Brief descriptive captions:

* * * * * * * * *

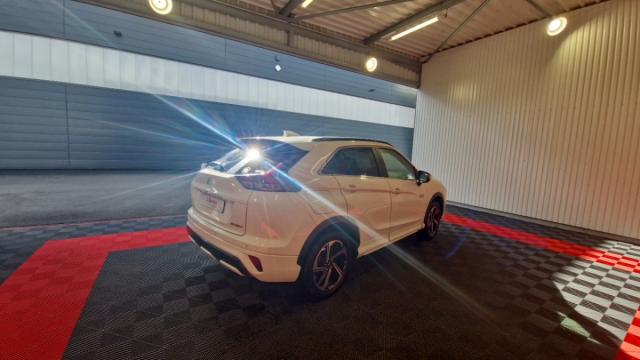 Mitsubishi Eclipse Cross image 4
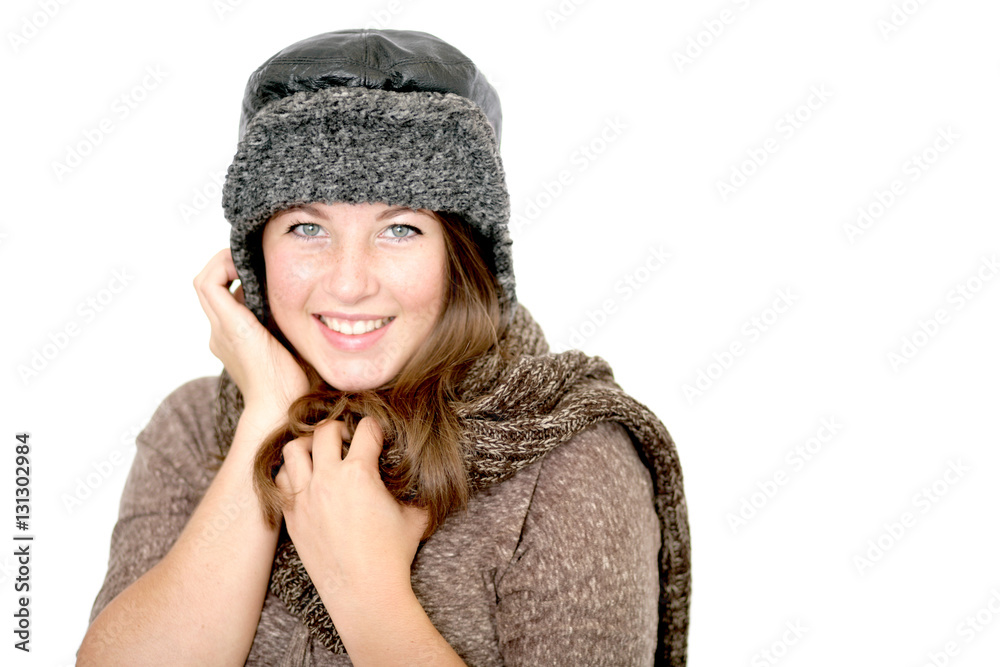 Portrait einer Jungen Fau in Pullover mit Mütze Portrait einer Jungen Fau in Pullover mit Mütze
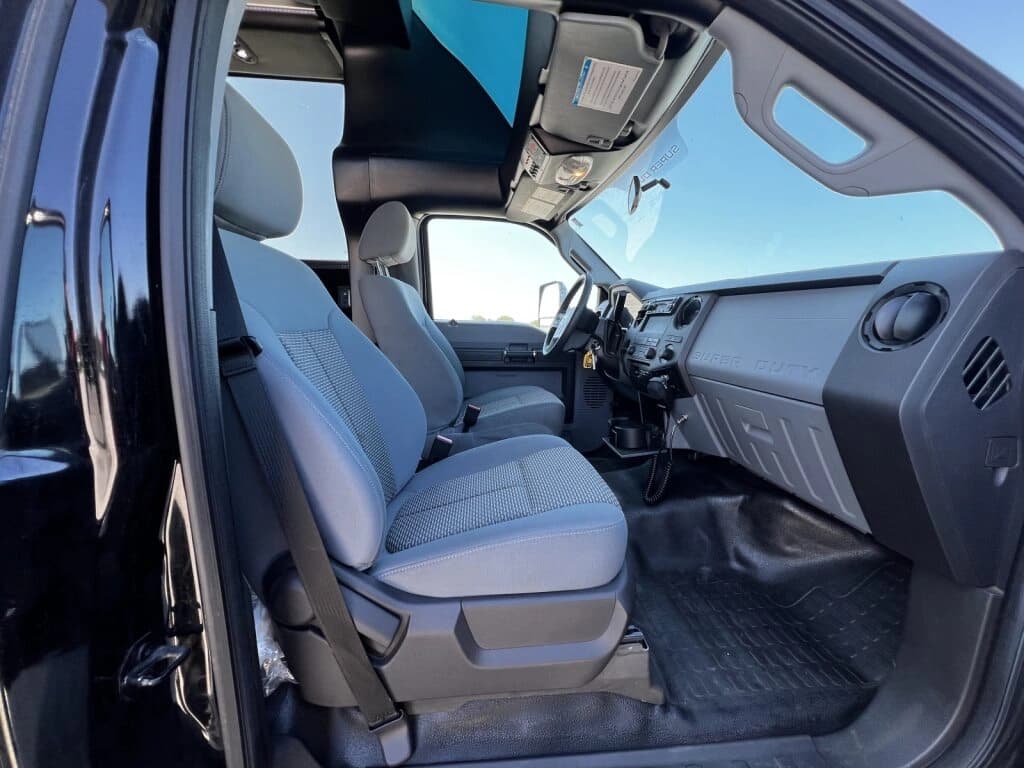 2015 Ford F550 Grech GM33 Shuttle Bus - Image 6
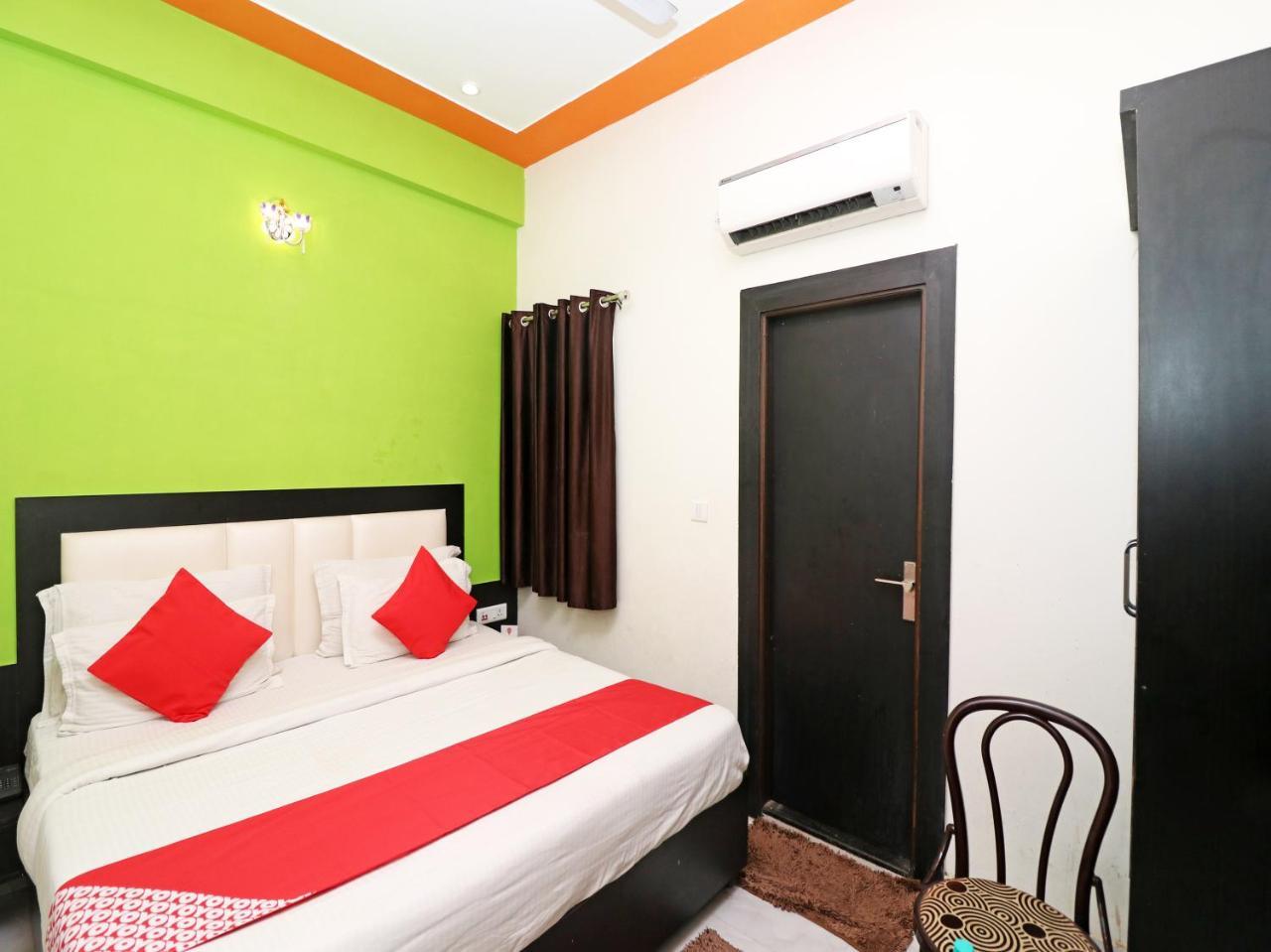 Aaradhya Residency Hotel Агра Екстериор снимка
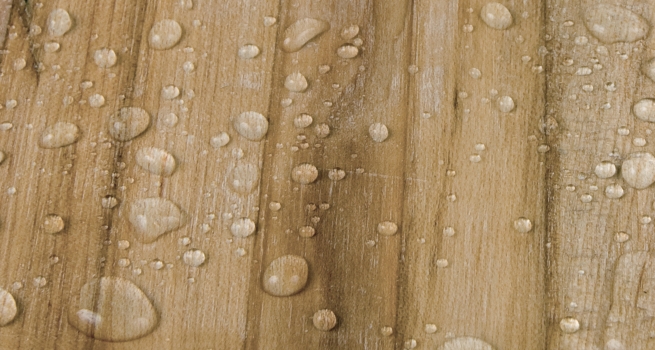 Perles d'eau à la surface d'un plancher de bois protégé par Waxin de Prolam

* * * * * * * * *

| Work to complete |
Every line from the one containing "Aaradhya Residency Hotel" to the final line of the records should be duplicated exactly; no picture is to be copied.

| Answer to the exercise |
 Aaradhya Residency Hotel Агра Екстериор снимка
 Perles d'eau à la surface d'un plancher de bois protégé par Waxin de Prolam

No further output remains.